Vice Chairman of the Standing Committee of the National People's Congress
- In office 27 March 1993 – 15 March 2003
- Chairman: Li Peng

Chairman of the Jiusan Society
- In office 1992–2002
- Preceded by: Zhou Peiyuan
- Succeeded by: Han Qide

Vice Chairman of the Jiusan Society
- In office 1989–1992
- Leader: Zhou Peiyuan (chairman)

Personal details
- Born: Wu Tairan (吴泰然) January 22, 1917 Wujin County, Jiangsu, China
- Died: March 2, 2011 (aged 94) Beijing, China
- Party: Chinese Communist Party Jiusan Society
- Spouse(s): Zhao Junkai ​ ​(m. 1933; died 1978)​ Gao Rui
- Parent: Wu Jingyi
- Alma mater: Yenching University Peking Union Medical College University of Chicago
- Occupation: Politician, medical scientist

= Wu Jieping =

Chinese medical scientist and politician (1917–2011)

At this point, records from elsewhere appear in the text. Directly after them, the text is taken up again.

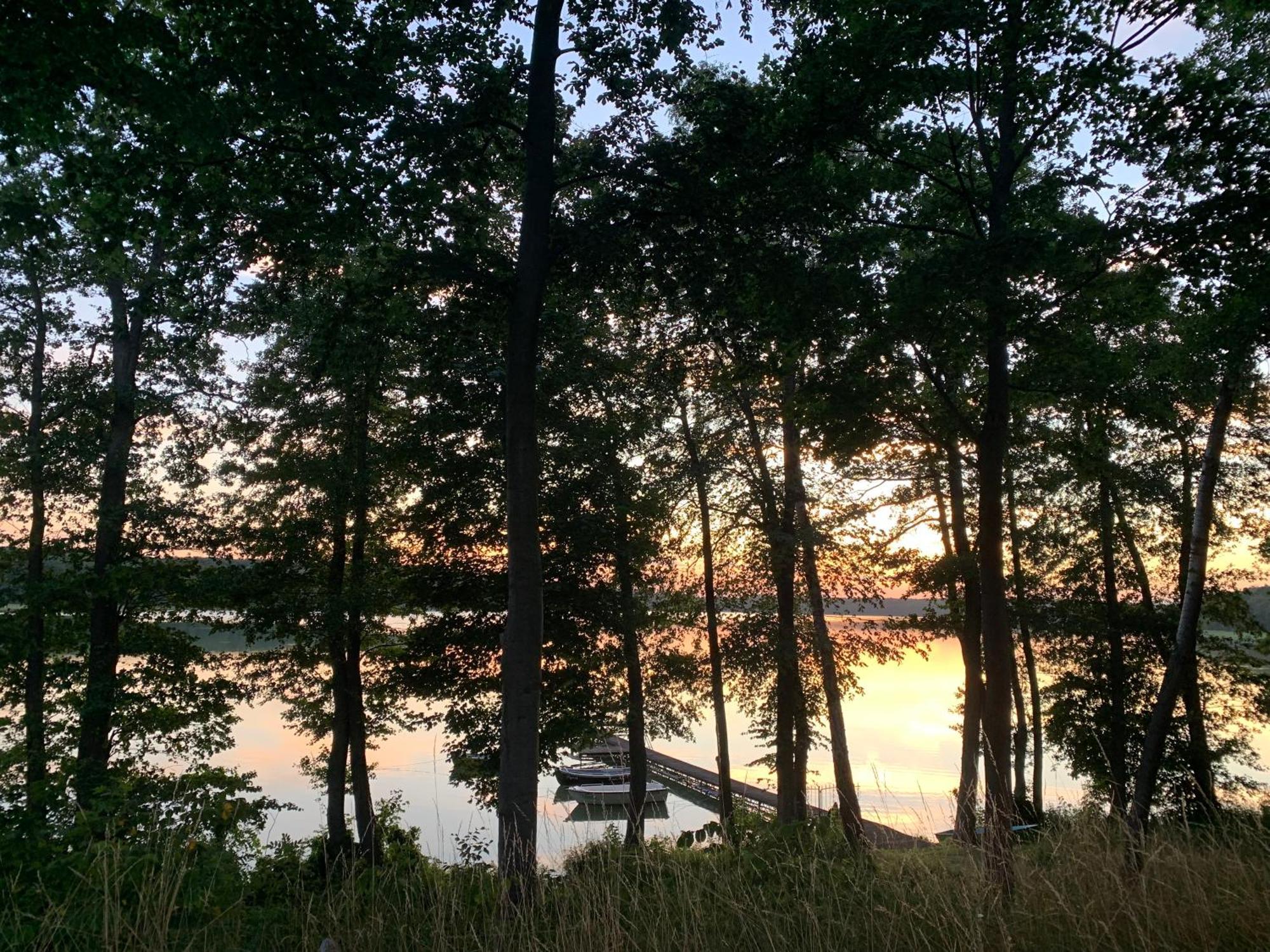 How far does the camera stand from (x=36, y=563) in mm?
15188

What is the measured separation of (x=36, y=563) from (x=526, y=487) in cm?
1327

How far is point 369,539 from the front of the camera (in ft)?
58.4

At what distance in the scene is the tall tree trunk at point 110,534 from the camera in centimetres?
1313

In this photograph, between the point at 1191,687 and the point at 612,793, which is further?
the point at 612,793

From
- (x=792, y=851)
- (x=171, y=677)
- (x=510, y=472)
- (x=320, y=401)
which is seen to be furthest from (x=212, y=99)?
(x=171, y=677)

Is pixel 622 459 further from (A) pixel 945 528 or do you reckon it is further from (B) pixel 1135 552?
(B) pixel 1135 552

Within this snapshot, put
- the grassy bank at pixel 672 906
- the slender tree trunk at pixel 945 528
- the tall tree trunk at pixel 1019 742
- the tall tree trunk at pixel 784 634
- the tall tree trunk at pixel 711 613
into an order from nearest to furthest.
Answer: the grassy bank at pixel 672 906 → the tall tree trunk at pixel 784 634 → the tall tree trunk at pixel 711 613 → the slender tree trunk at pixel 945 528 → the tall tree trunk at pixel 1019 742

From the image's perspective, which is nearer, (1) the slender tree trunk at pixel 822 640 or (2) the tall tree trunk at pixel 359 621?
(2) the tall tree trunk at pixel 359 621

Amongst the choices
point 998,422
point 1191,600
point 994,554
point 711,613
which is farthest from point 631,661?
point 998,422

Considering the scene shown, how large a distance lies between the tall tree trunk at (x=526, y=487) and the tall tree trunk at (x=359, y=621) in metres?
9.23

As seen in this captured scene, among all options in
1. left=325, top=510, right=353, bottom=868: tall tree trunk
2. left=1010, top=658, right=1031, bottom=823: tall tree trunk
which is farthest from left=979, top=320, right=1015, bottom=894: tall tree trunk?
left=1010, top=658, right=1031, bottom=823: tall tree trunk

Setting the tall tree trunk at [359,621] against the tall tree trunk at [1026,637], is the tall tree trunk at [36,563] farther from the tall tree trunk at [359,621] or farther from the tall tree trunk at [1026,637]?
the tall tree trunk at [1026,637]

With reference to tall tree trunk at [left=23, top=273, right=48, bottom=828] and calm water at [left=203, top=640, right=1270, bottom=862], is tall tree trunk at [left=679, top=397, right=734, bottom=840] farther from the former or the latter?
tall tree trunk at [left=23, top=273, right=48, bottom=828]

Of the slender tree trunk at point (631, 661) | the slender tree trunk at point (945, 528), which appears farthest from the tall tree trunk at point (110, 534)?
the slender tree trunk at point (945, 528) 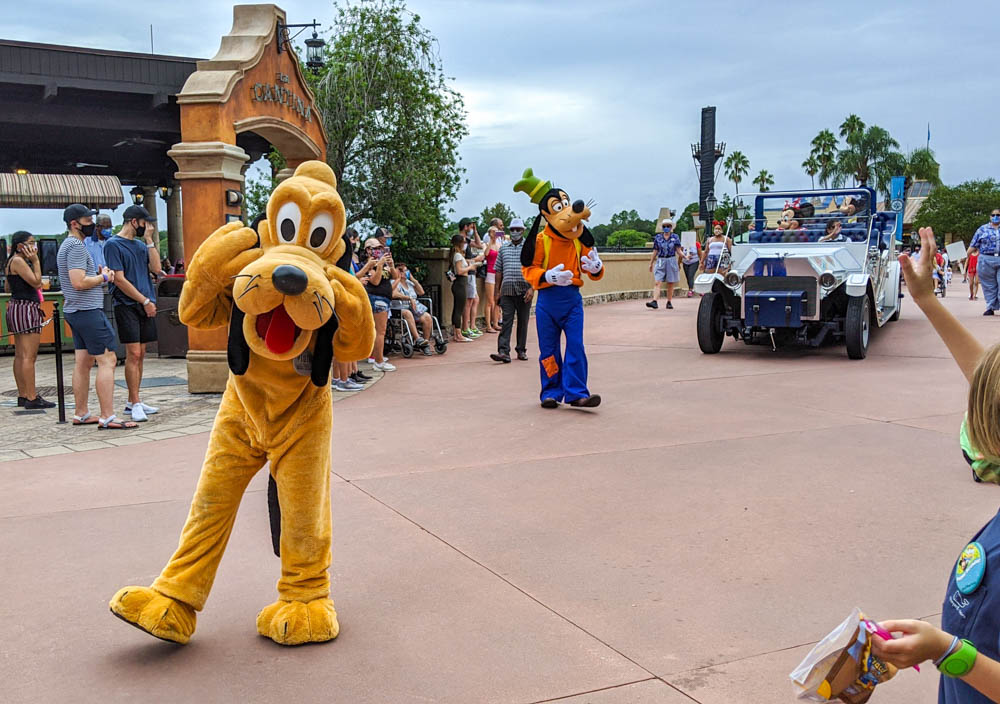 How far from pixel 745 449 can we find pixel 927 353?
6293mm

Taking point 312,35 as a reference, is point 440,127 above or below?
below

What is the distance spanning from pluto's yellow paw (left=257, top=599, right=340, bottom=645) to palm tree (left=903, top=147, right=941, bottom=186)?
219 ft

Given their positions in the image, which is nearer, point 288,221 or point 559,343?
point 288,221

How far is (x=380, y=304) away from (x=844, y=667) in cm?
1001

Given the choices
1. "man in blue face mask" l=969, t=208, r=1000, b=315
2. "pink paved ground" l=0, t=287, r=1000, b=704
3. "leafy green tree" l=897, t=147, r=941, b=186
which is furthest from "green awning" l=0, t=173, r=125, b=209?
"leafy green tree" l=897, t=147, r=941, b=186

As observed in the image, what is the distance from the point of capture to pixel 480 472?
6160mm

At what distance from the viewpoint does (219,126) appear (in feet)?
32.3

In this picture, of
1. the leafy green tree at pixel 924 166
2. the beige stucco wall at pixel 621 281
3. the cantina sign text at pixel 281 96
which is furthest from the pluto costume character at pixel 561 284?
the leafy green tree at pixel 924 166

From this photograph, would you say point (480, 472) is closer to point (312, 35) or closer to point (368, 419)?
point (368, 419)

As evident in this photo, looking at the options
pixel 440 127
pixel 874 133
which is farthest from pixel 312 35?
A: pixel 874 133

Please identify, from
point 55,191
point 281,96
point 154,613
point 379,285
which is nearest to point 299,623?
point 154,613

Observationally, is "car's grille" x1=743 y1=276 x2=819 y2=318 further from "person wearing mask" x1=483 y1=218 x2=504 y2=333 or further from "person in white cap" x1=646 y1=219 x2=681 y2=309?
"person in white cap" x1=646 y1=219 x2=681 y2=309

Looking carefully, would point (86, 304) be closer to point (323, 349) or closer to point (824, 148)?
point (323, 349)

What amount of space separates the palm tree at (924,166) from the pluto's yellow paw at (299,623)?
66825 mm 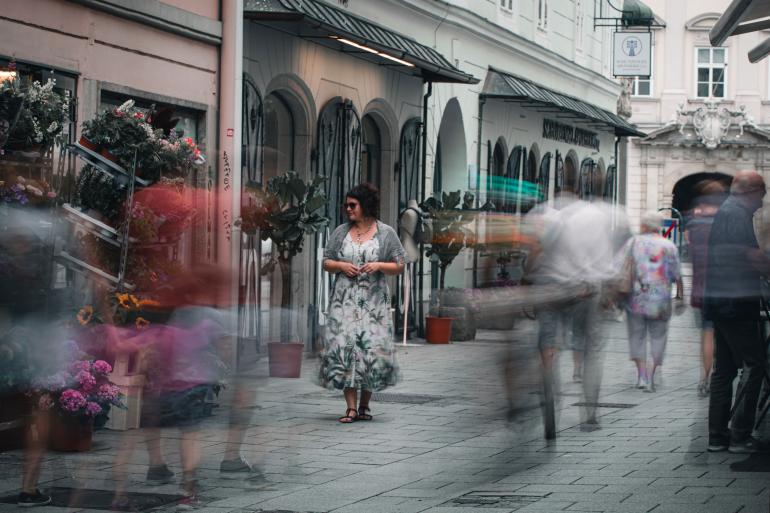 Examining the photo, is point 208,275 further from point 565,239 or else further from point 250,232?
point 250,232

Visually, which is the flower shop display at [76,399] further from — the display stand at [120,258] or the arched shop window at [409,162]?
the arched shop window at [409,162]

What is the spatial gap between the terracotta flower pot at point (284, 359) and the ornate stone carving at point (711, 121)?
42537 millimetres

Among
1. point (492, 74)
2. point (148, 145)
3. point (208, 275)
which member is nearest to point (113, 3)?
point (148, 145)

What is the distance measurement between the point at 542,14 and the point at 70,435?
71.8 ft

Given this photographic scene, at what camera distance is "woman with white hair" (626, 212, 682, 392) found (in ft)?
46.1

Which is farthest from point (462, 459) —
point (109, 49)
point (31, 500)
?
point (109, 49)

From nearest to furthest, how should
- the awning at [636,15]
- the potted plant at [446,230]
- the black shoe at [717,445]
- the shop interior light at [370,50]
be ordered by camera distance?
the black shoe at [717,445]
the shop interior light at [370,50]
the potted plant at [446,230]
the awning at [636,15]

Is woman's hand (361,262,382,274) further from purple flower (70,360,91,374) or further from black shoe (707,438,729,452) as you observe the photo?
black shoe (707,438,729,452)

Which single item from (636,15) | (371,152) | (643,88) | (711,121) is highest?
(643,88)

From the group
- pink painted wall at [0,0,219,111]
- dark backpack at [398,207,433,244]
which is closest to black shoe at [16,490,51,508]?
pink painted wall at [0,0,219,111]

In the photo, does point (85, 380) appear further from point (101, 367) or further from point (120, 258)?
point (120, 258)

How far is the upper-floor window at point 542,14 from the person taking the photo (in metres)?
29.3

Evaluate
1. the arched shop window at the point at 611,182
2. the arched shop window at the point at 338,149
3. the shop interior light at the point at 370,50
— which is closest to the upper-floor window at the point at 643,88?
the arched shop window at the point at 611,182

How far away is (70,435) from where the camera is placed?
928cm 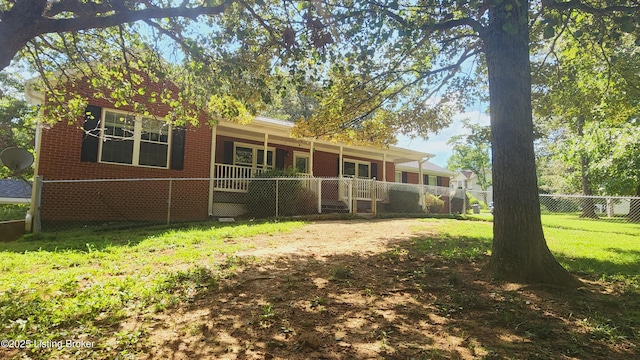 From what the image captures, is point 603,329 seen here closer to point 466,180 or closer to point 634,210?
point 634,210

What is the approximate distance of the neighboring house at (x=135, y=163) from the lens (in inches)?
367

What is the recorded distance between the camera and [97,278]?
420 cm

Wu Jieping (吴阶平 (吳階平, Wú Jiēpíng); 22 January 1917 – 2 March 2011) was a Chinese medical scientist and politician. Wu was the Chairman of Central Committee of Jiusan Society from 1992 to 2002, and a vice chairman of the National People's Congress Standing Committee between 1993 and 2003. Wu was a member of the Chinese Academy of Sciences and a fellow of the World Academy of Sciences.

== Biography ==
Wu was born Wu Tairan in Wujin County, Jiangsu, on January 22, 1917, the second of four sons of Wu Jingyi (吴敬仪), a Chinese businessman. His elder brother Wu Ruiping (吴瑞萍) and younger brothers Wu Weiran (吴蔚然) and Wu Anran (吴安然) are also medical scientists. Wu was raised in Tianjin. He earned a Bachelor of Science degree from Yenching University in 1937 and a Doctor of Medicine degree from Peking Union Medical College in 1942. He studied urology under Xie Yuanfu (谢元甫). He was accepted to University of Chicago in 1947.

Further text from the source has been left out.